Após incorporar os arquivos dos jornais Notícias Populares, Folha da Tarde e Agora São Paulo, o BD mergulhou no mundo digital. Primeiro, em 2011, quando a Folha fez 90 anos, e, com custo de R$ 3 milhões, lançou o Acervo Folha —foi primeiro jornal do país a ter seu acervo digitalizado (a partir de microfilmes). "É uma vantagem a mais para o leitor da Folha", disse à época Antonio Manuel Teixeira Mendes, então superintendente do jornal. Hoje o acervo digital tem cerca de 2,1 milhões de páginas.

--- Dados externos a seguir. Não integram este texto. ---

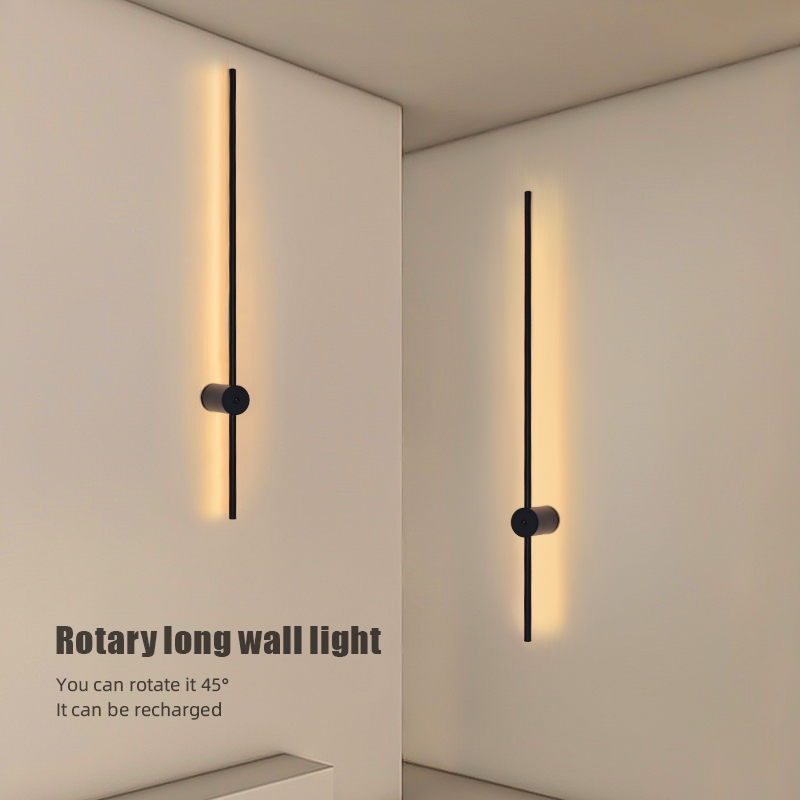 현대적인 충전식 LED 벽등 블랙 알루미늄 바디 선형  - Lighting Decoration On Wall 리뷰 및 가격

O BD ainda se destacava por municiar teses, livros e documentários. "Fizemos pesquisa para o livro do Belmonte, o ‘A Era dos Festivais’, de Zuza Homem de Mello, o ‘São Paulo nas Alturas’, do Raul Juste Lores, e outros", diz o pesquisador Luiz Carlos Ferreira, que atuou no setor de 1996 a 2018.

Maior digitalização

Após lançar o Acervo Folha e de já ter habitado quase todos os andares do prédio da Folha na alameda Barão de Limeira, 425, o Banco de Dados iniciou um dos maiores processos de digitalização da história da imprensa no país, ao digitalizar as 110 mil pastas e 2,5 milhões de fotos que estavam em papel ou negativos em seu arquivo, esforço estendido aos acervos do jornal Última Hora e do Notícias Populares.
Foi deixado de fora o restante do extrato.